If we accept the “gray-box” aspect of 1), we’ll end up in a situation when one test modifies the global Application.config object in order to set up a mock, thereby messing with other tests that might be using that same config. Those tests will end up making requests to mocks that return the wrong data, or no longer even exist to reply to HTTP calls.

If we accept the “static port” aspect of 2), we are now forced to sequence our tests. If one test requires the mock to return a 500, and another needs the mock to return 200, the second will have to wait, then reset the mock, and then proceed.

Both of these approaches create a hidden causal force between the two tests, as each test case must somehow take into account the mock responses that were created in the other.

We cannot take either route, as they both lead us away from concurrency.

Persistent fakes with specific expectations

The way to cut this Gordian Knot is to give up on one-shot mocks, and embrace long-running Fakes as our method of testing API interactions. When our system starts up, it is configured to talk to a fake Main Backend. The fake Main Backend itself is explicitly started in test_helper.exs.

Whatnot.FakeMainBackend.start_link()

The way it works is simple: it is an Agent process that keeps some state. It is also a Plug, and implements all the HTTP endpoints that Live Service accesses on the Main Backend. It also has a functional API for setting up particular response data in advance.
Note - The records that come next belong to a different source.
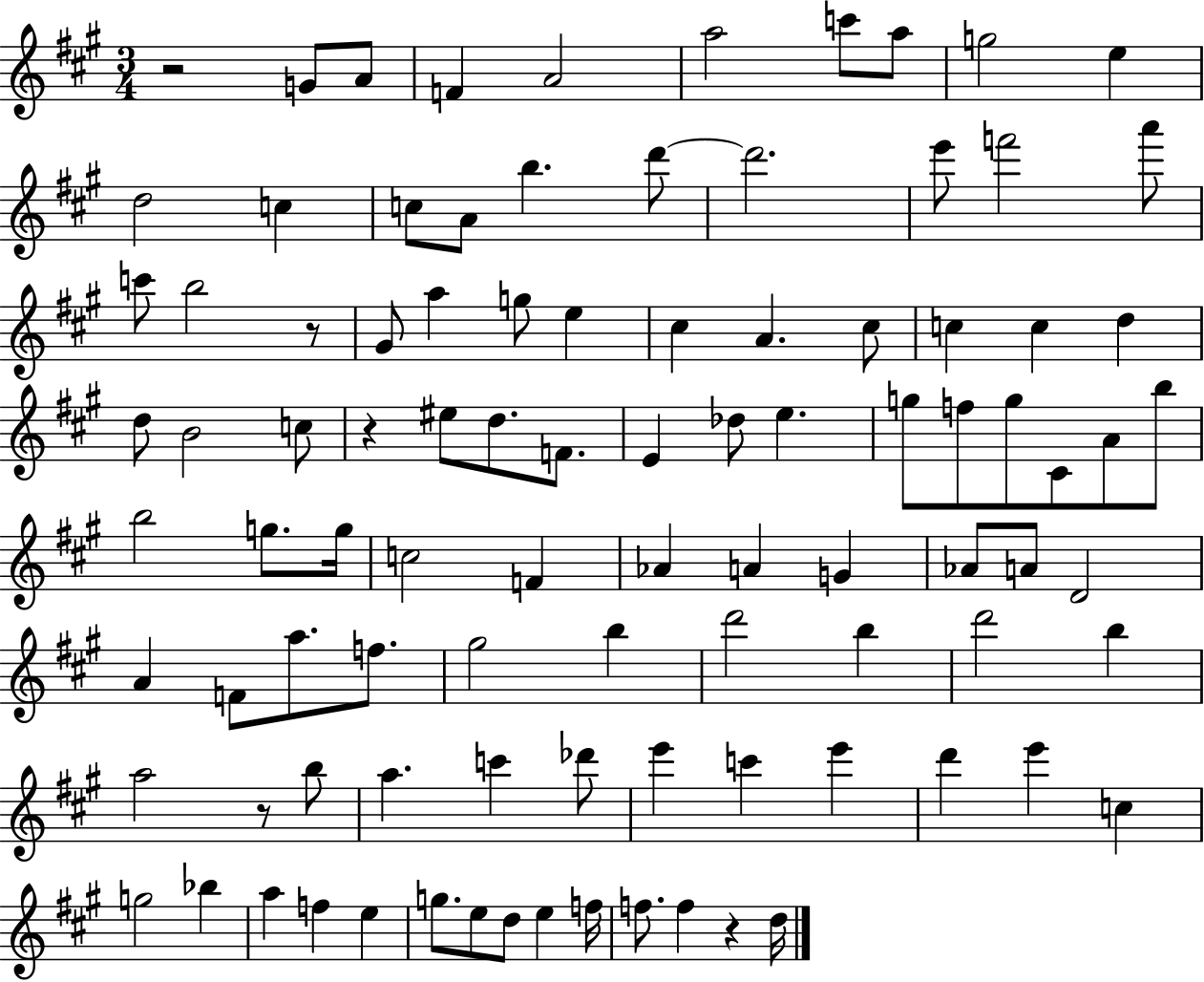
R/h G4/e A4/e F4/q A4/h A5/h C6/e A5/e G5/h E5/q D5/h C5/q C5/e A4/e B5/q. D6/e D6/h. E6/e F6/h A6/e C6/e B5/h R/e G#4/e A5/q G5/e E5/q C#5/q A4/q. C#5/e C5/q C5/q D5/q D5/e B4/h C5/e R/q EIS5/e D5/e. F4/e. E4/q Db5/e E5/q. G5/e F5/e G5/e C#4/e A4/e B5/e B5/h G5/e. G5/s C5/h F4/q Ab4/q A4/q G4/q Ab4/e A4/e D4/h A4/q F4/e A5/e. F5/e. G#5/h B5/q D6/h B5/q D6/h B5/q A5/h R/e B5/e A5/q. C6/q Db6/e E6/q C6/q E6/q D6/q E6/q C5/q G5/h Bb5/q A5/q F5/q E5/q G5/e. E5/e D5/e E5/q F5/s F5/e. F5/q R/q D5/s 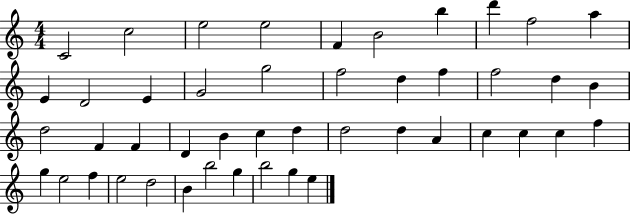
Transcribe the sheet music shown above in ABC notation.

X:1
T:Untitled
M:4/4
L:1/4
K:C
C2 c2 e2 e2 F B2 b d' f2 a E D2 E G2 g2 f2 d f f2 d B d2 F F D B c d d2 d A c c c f g e2 f e2 d2 B b2 g b2 g e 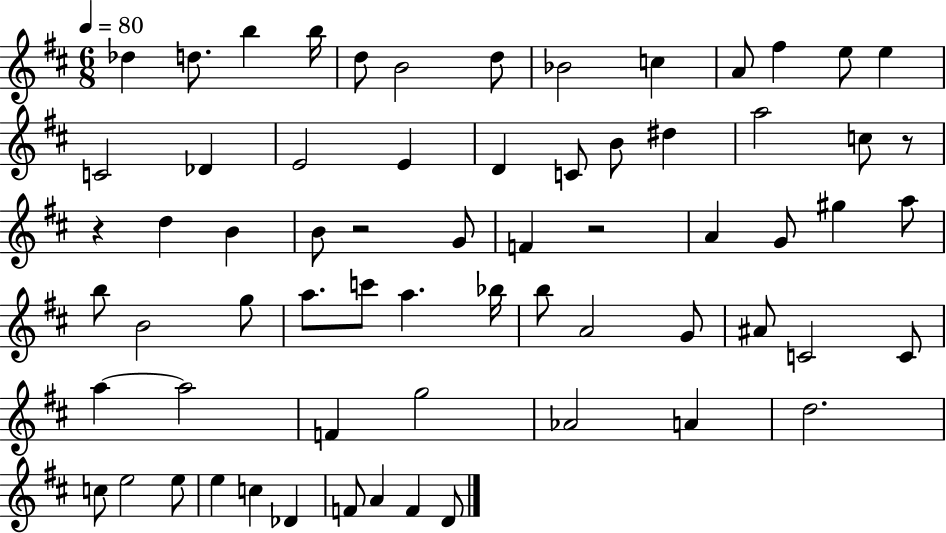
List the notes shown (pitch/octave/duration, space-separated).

Db5/q D5/e. B5/q B5/s D5/e B4/h D5/e Bb4/h C5/q A4/e F#5/q E5/e E5/q C4/h Db4/q E4/h E4/q D4/q C4/e B4/e D#5/q A5/h C5/e R/e R/q D5/q B4/q B4/e R/h G4/e F4/q R/h A4/q G4/e G#5/q A5/e B5/e B4/h G5/e A5/e. C6/e A5/q. Bb5/s B5/e A4/h G4/e A#4/e C4/h C4/e A5/q A5/h F4/q G5/h Ab4/h A4/q D5/h. C5/e E5/h E5/e E5/q C5/q Db4/q F4/e A4/q F4/q D4/e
Inside this fake Main Backend, we implement a handler for the payment POST call, and it looks like this:

defp handle_call( %Plug.Conn{request_path: “/api/order”, method: “POST”} = conn, raw_body, _opts) do %{“buyerId” => buyer_id, “productId” => product_id} = Jason.decode!(raw_body) case payment_successful?(@agent, product_id, buyer_id) do false -> Plug.Conn.resp(conn, 500, Jason.encode!(%{“error” => “failed”})) true -> Plug.Conn.resp(conn, 200, Jason.encode!(%{“id” => order_id})) end end

Now, you can see that the fake server looks at the (product_id, buyer_id) tuple to determine how to respond to the API call at hand. This means that as long as product ids and user ids are unique across tests, (and they are, based on our first postulate above), there is no need to coordinate the behavior of the fake. It’s sufficient for a test to set up the expected response of the fake Main Backend in the test givens section, and everything will proceed in complete isolation.

That means that our two test cases above, each expecting a different response from our fake, can run concurrently without stepping on each other’s toes:

# test 1 expect_payment_unsuccessful_for(unique_live_product_id0, unique_buyer_id0) # test 2 expect_payment_successful_for(unique_live_product_id1, unique_buyer_id1)
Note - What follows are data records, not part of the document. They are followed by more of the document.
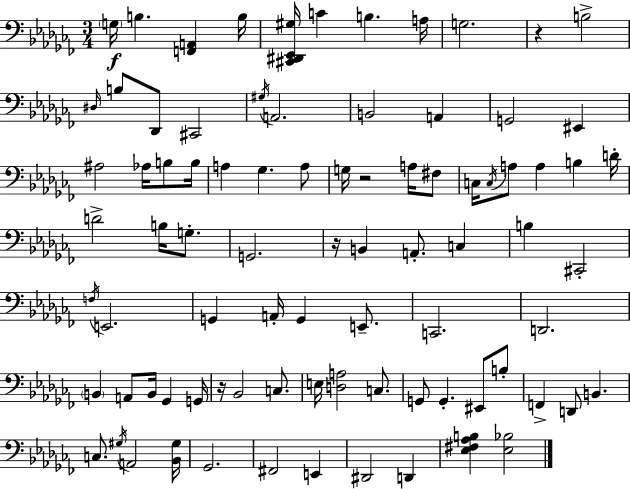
G3/s B3/q. [F2,A2]/q B3/s [C#2,D#2,Eb2,G#3]/s C4/q B3/q. A3/s G3/h. R/q B3/h D#3/s B3/e Db2/e C#2/h G#3/s A2/h. B2/h A2/q G2/h EIS2/q A#3/h Ab3/s B3/e B3/s A3/q Gb3/q. A3/e G3/s R/h A3/s F#3/e C3/s C3/s A3/e A3/q B3/q D4/s D4/h B3/s G3/e. G2/h. R/s B2/q A2/e. C3/q B3/q C#2/h F3/s E2/h. G2/q A2/s G2/q E2/e. C2/h. D2/h. B2/q A2/e B2/s Gb2/q G2/s R/s Bb2/h C3/e. E3/s [D3,A3]/h C3/e. G2/e G2/q. EIS2/e B3/e F2/q D2/e B2/q. C3/e. G#3/s A2/h [Bb2,G#3]/s Gb2/h. F#2/h E2/q D#2/h D2/q [Eb3,F#3,Ab3,B3]/q [Eb3,Bb3]/h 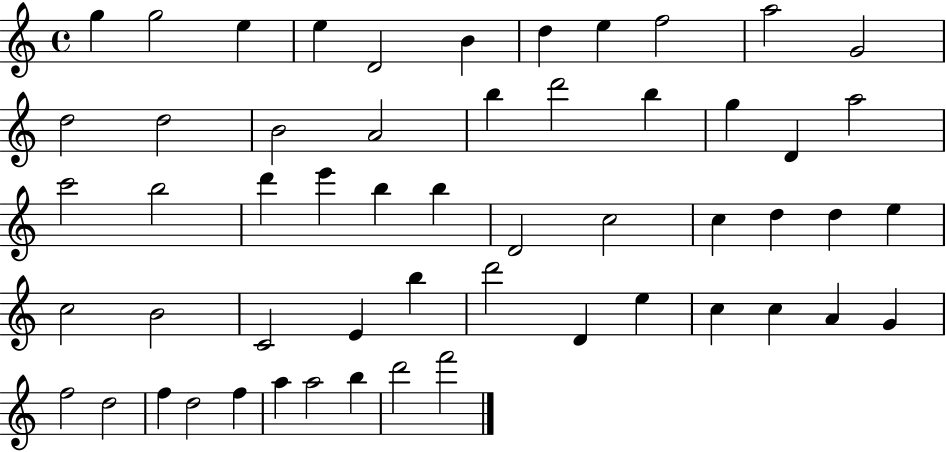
{
  \clef treble
  \time 4/4
  \defaultTimeSignature
  \key c \major
  g''4 g''2 e''4 | e''4 d'2 b'4 | d''4 e''4 f''2 | a''2 g'2 | \break d''2 d''2 | b'2 a'2 | b''4 d'''2 b''4 | g''4 d'4 a''2 | \break c'''2 b''2 | d'''4 e'''4 b''4 b''4 | d'2 c''2 | c''4 d''4 d''4 e''4 | \break c''2 b'2 | c'2 e'4 b''4 | d'''2 d'4 e''4 | c''4 c''4 a'4 g'4 | \break f''2 d''2 | f''4 d''2 f''4 | a''4 a''2 b''4 | d'''2 f'''2 | \break \bar "|."
}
Note that our fake still has to handle the API calls in sequence, as it relies on a single Agent state, but in practice this is not noticeable, and we could always move the data to an ets table for more parallelism if desired.

Support from the language: Running all the tests at once

We’ve gone through quite some effort to ensure that our test cases are independent from the perspective of data isolation and causality. We have made them logically concurrent. So the final question is: how do we actually execute the tests in parallel?
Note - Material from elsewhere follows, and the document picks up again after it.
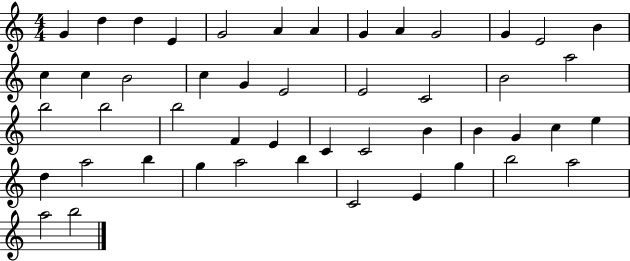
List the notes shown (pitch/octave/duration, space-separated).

G4/q D5/q D5/q E4/q G4/h A4/q A4/q G4/q A4/q G4/h G4/q E4/h B4/q C5/q C5/q B4/h C5/q G4/q E4/h E4/h C4/h B4/h A5/h B5/h B5/h B5/h F4/q E4/q C4/q C4/h B4/q B4/q G4/q C5/q E5/q D5/q A5/h B5/q G5/q A5/h B5/q C4/h E4/q G5/q B5/h A5/h A5/h B5/h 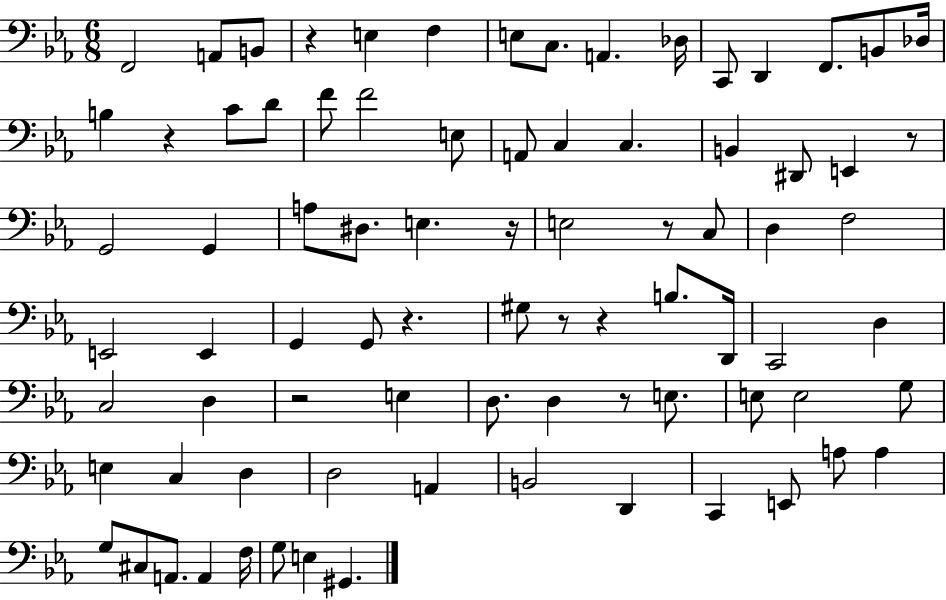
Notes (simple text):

F2/h A2/e B2/e R/q E3/q F3/q E3/e C3/e. A2/q. Db3/s C2/e D2/q F2/e. B2/e Db3/s B3/q R/q C4/e D4/e F4/e F4/h E3/e A2/e C3/q C3/q. B2/q D#2/e E2/q R/e G2/h G2/q A3/e D#3/e. E3/q. R/s E3/h R/e C3/e D3/q F3/h E2/h E2/q G2/q G2/e R/q. G#3/e R/e R/q B3/e. D2/s C2/h D3/q C3/h D3/q R/h E3/q D3/e. D3/q R/e E3/e. E3/e E3/h G3/e E3/q C3/q D3/q D3/h A2/q B2/h D2/q C2/q E2/e A3/e A3/q G3/e C#3/e A2/e. A2/q F3/s G3/e E3/q G#2/q.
There is a bit of subtlety involved. You probably know that the ExUnit.Case macro allows us to declare that the current module can be run concurrently with respect to other modules, using the flag async: true.

But how do we declare the tests within a single module to be causally independent and capable of parallel execution?

Sometimes a programmer writes elegant code. And sometimes we have to write macros. The hacker’s way to defeat ExUnit’s module-level concurrency paradigm is to lean into the module-level concurrency paradigm, and declare every test in its own module. Like so:

defmodule Test.Large.AuctionTest do import ParallelTest p_test “successful payment on highest bid” do # test here end p_test “unsuccessful payment on highest bid” do # another test here end end

Where ParallelTest is a dead-simple module generator:

defmodule ParallelTest do defmacro p_test(name, do: block) do quote do # some details omitted defmodule :”#{unquote(name)}” do use ExUnit.Case, async: true test “” do unquote(block) end end end end

Now, with every single test living in its own dedicated module, and all these modules declared as async: true for ExUnit’s test runner, we can simply sit back and let mix test run all our tests at once, with as much parallelism as our hardware can provide.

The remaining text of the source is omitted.